> [DIRECTIONS FOR THIS TASK]:
Whenever the string "亚麻布丙烯" turns up in a line below, that line should be copied.

> [DATA RECORDS]:
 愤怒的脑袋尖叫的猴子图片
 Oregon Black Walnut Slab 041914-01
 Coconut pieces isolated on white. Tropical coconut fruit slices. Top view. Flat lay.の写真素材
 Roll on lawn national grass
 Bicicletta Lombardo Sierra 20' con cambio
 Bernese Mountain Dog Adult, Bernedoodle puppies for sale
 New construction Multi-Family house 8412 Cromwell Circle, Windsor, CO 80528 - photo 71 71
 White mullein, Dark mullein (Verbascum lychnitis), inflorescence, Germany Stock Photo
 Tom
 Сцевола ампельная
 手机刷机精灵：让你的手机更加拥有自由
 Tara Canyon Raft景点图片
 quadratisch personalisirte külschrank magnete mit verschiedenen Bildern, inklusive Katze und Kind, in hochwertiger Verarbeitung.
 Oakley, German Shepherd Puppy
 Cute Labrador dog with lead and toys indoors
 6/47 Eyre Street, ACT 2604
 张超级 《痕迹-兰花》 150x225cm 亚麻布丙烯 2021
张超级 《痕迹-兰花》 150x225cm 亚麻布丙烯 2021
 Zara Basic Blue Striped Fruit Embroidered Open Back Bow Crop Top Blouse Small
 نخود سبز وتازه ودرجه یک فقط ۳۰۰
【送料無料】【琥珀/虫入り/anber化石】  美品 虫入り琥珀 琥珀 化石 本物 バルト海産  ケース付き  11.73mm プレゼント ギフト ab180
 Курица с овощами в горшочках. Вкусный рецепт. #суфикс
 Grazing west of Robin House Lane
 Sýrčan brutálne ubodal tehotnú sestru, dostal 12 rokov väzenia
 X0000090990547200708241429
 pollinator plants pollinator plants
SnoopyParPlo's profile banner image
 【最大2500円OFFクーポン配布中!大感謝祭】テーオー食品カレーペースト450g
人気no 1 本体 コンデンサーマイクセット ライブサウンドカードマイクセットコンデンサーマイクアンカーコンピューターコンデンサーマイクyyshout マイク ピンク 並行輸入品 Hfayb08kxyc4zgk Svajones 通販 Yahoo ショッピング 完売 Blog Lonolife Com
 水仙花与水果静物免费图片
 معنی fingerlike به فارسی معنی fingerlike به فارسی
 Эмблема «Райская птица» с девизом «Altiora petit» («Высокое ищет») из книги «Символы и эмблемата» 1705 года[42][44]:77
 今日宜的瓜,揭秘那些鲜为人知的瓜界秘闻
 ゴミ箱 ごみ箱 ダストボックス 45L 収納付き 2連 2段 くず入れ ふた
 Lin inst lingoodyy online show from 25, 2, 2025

> [ANSWER BOX]:
 张超级 《痕迹-兰花》 150x225cm 亚麻布丙烯 2021
张超级 《痕迹-兰花》 150x225cm 亚麻布丙烯 2021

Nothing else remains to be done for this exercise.